Sem o cunho social que pautou ‘Favela Brasil’, primeiro DVD de Leandro Sapucahy lançado em 2008, a “comunidade” está de volta com mais leveza em ‘Favela fashion week’ (Nego Branco/ Cleitinho Persona/ Manu), crônica bem humorada do vai-e-vem das vaidosas moradoras do lugar. ‘Lados paralelos’ (Flavinho Silva/ Carlinhos da Ceasa/ Almir de Araújo) expõe os dilemas do fogo cruzado do amor: “Meu lado bandido me diz que estou enganado/ Meu lado mocinho, completamente apaixonado”, entrega o cantor em tempos de UPP.
‘Tá mal na moldura’ (Xande de Pilares/ Leandro Fab/ Ronaldo Barcellos) é daqueles sambas característicos do Grupo Revelação que injeta suingue na faixa, em participação não creditada. O vocalista Xande de Pilares assina, ainda, as fracas ‘Nosso amor é perfeito (com Claudemir/ Gilson Bernini) e ‘Trilha sem fim’ (com André Renato/ Gilson Bernini).

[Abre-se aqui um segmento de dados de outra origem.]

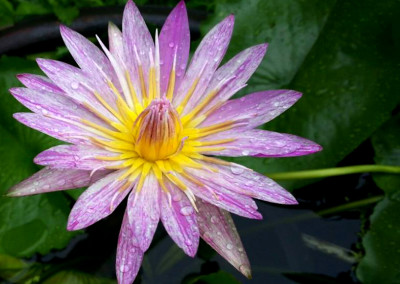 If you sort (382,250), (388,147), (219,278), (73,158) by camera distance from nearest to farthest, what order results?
(73,158) < (219,278) < (382,250) < (388,147)

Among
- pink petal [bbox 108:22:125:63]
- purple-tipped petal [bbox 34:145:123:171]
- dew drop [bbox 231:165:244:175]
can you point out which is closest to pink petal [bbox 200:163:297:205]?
dew drop [bbox 231:165:244:175]

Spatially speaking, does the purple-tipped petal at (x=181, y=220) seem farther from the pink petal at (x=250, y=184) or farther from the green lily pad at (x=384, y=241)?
the green lily pad at (x=384, y=241)

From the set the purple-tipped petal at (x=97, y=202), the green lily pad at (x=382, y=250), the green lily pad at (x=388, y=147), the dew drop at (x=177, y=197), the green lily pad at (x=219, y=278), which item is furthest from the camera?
the green lily pad at (x=388, y=147)

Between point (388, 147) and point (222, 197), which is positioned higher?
point (222, 197)

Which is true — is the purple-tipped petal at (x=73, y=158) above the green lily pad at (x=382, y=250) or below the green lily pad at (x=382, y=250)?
above

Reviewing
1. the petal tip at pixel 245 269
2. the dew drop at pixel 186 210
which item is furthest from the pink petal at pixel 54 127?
the petal tip at pixel 245 269

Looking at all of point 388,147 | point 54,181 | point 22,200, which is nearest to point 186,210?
point 54,181

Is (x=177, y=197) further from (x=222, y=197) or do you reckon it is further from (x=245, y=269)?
(x=245, y=269)

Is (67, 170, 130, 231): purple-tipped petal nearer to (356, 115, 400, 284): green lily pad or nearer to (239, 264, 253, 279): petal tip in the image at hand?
(239, 264, 253, 279): petal tip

Além de produzir ‘Malandro também ama’, Sapucahy tocou vários instrumentos em quase todas as faixas desse disco, que servirá de base para o segundo registro áudio visual do sambista, quem sabe ainda este ano. O cantor tem que dividir o tempo com o disputado produtor: após finalizar o próximo disco de Arlindo, Leandro está produzindo Reinaldo, o príncipe do pagode, e ainda virão os álbuns de Diogo Nogueira e Renato Milagres, sobrinho de Zeca Pagodinho – a quem Sapucahy dedica ‘Malandro também ama’.
Um dos nomes do bloco carnavalesco Sapucapeto, sociedade com a estilista Isabela Capeto, integrante fixo do ‘Esquenta’, programa comandado por Regina Casé que tem a segunda temporada garantida, Leandro viu seu álbum dedicado à obra de Roberto Ribeiro (1940 – 1996) ser ignorado pelas rádios. A escolha por um trabalho mais romântico restituiu seu (bom) samba às programações das emissoras populares. Malandragem de quem não fica “marcando touca, parado/ De braço cruzado”.